In fact, the only thing the folks at Diablo’s don’t make in house is the cookies.
They may not brag about all their hard work, but it has paid off. On Yelp, Diablo’s is No. 4 on the list of Augusta’s best restaurants and they’re the only fast-casual spot in the Top 5. And they have a following.
“We’ve been very fortunate to have the following we do. It’s almost a cult following on the local level,” Wallace said. “When we announced the Grovetown location, I think it had 28,000 views on Facebook, and that wasn’t even a share to win. It was just announcing that we were opening in Grovetown, so that’s a lot of love for a restaurant.”
They credit their customers’ loyalty to the fact that they stick to their core values and are as authentic as they can be.
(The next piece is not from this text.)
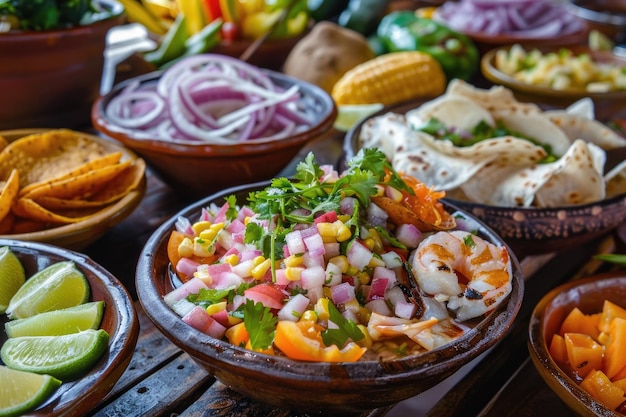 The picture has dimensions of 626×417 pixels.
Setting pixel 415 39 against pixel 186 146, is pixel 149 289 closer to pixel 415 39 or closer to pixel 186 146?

“We actually do things extremely authentic to our concept, but we’re not as vocal about that as we should be,” Brandon Wall said. “That’s why we have so many customers. They just know it’s good food. We care about the product and we care about what we’re serving our people.”
Diablo’s Southwest Grill currently has four locations open — on Wheeler Road and Walton Way in Augusta and in Aiken and Athens — from 11 a.m.-9:30 p.m. Monday-Saturday and 11 a.m.-9 p.m. on Sunday. Other locations currently under construction include ones in Grovetown, North Augusta, Evans, Washington Road in Augusta, Braselton, Thomasville and Statesboro.